WHAT IS BEING ASKED
From the line containing "2022 John Deere 6120M Equipment Image0" through the last line of the entries below, print each line exactly. Pictures stay out.

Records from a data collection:
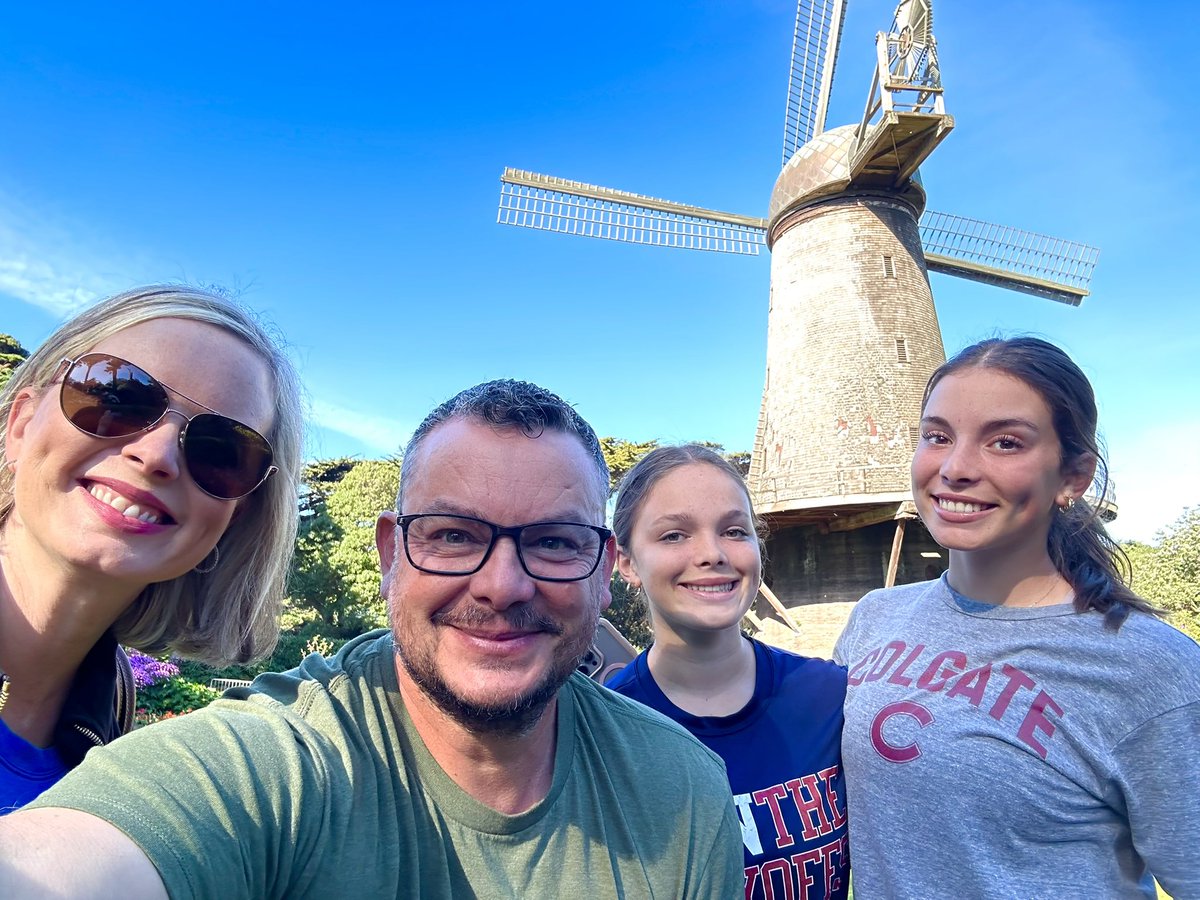 SadieZipser18's tweet photo. Spring break in Cali!! So much fun @zipser_m @szip1111 🤗❣️☀️ https://t.co/RdQRls7oGb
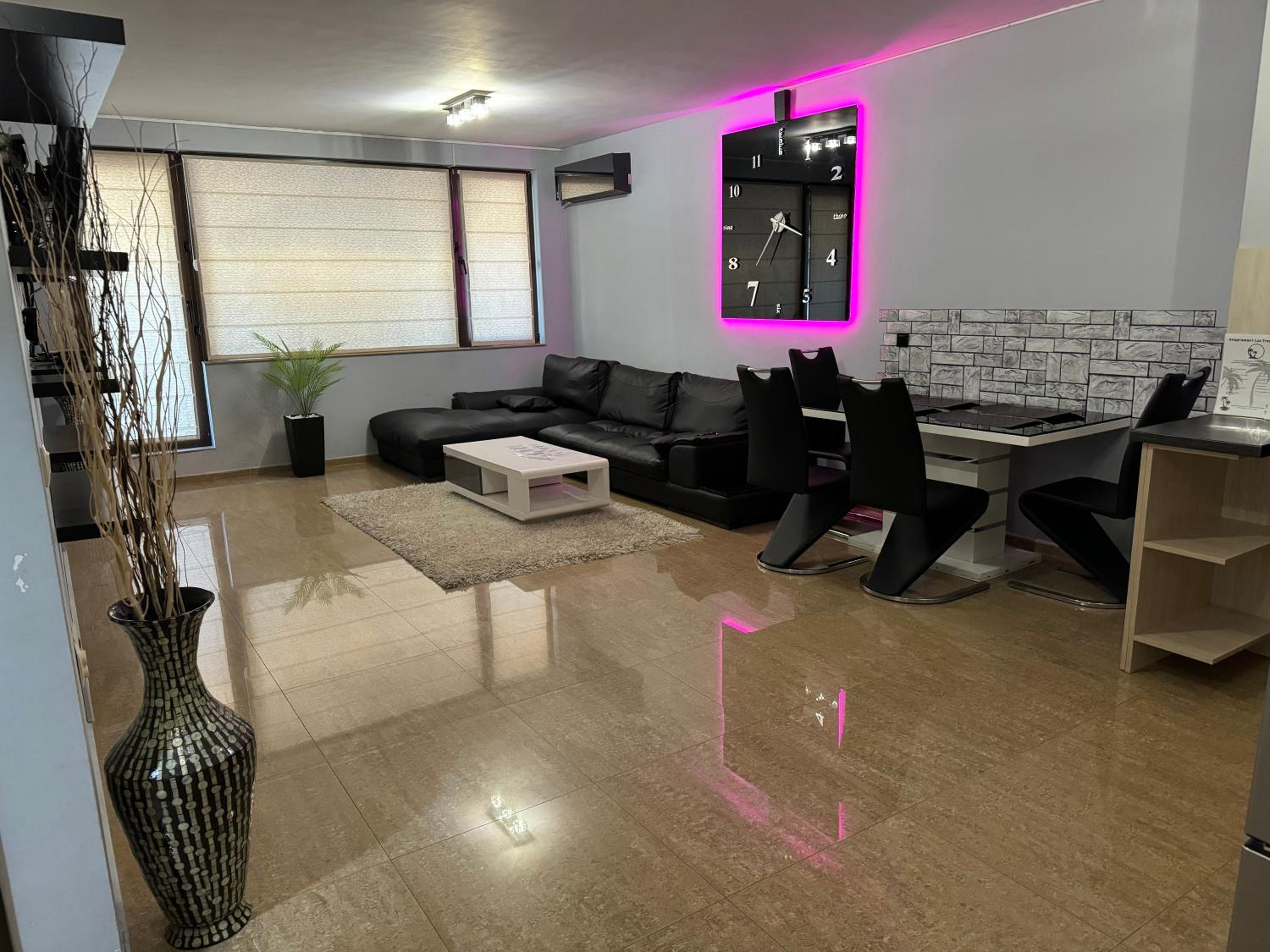 Apartments Las Tres Palmas view 3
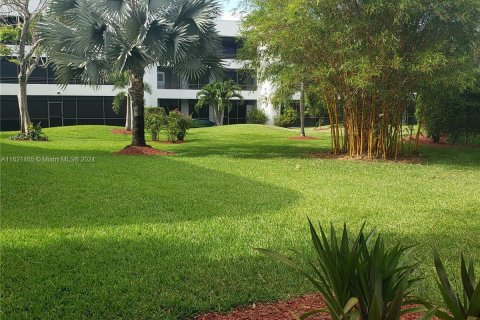 Copropriété à vendre à Hollywood, Floride: 2 chambres, 120.77 m2 № 1268894 - photo 17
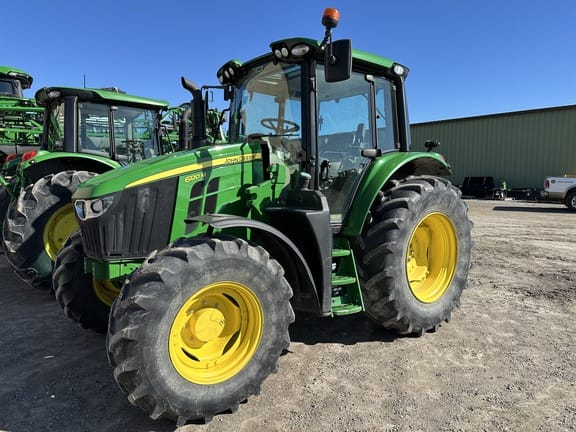 2022 John Deere 6120M Equipment Image0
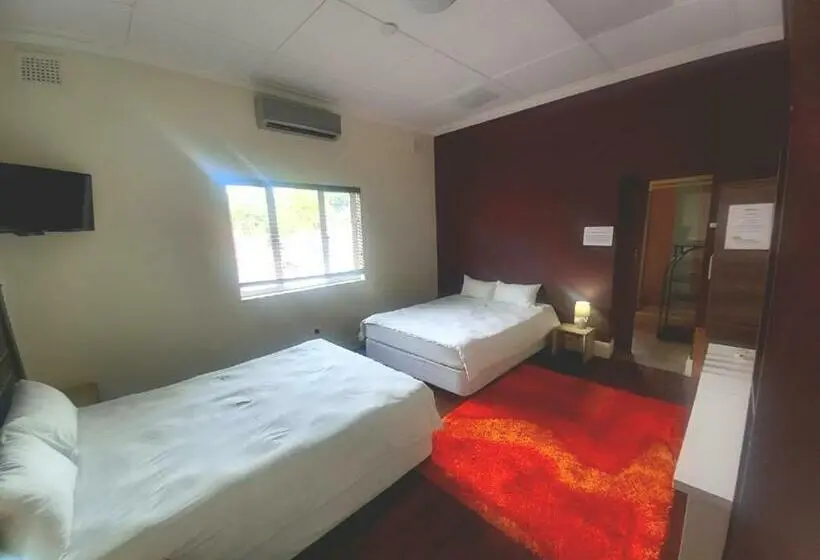 اتاق اجرایی, Durban Inn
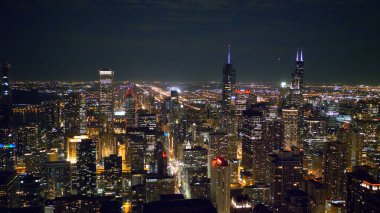 Chicago 'nun gece gökdelenleri, Chicago hava manzarası. Birleşik Devletler - 11 Haziran 2019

SOLUTION FOR THIS TASK
 2022 John Deere 6120M Equipment Image0
 اتاق اجرایی, Durban Inn
 Chicago 'nun gece gökdelenleri, Chicago hava manzarası. Birleşik Devletler - 11 Haziran 2019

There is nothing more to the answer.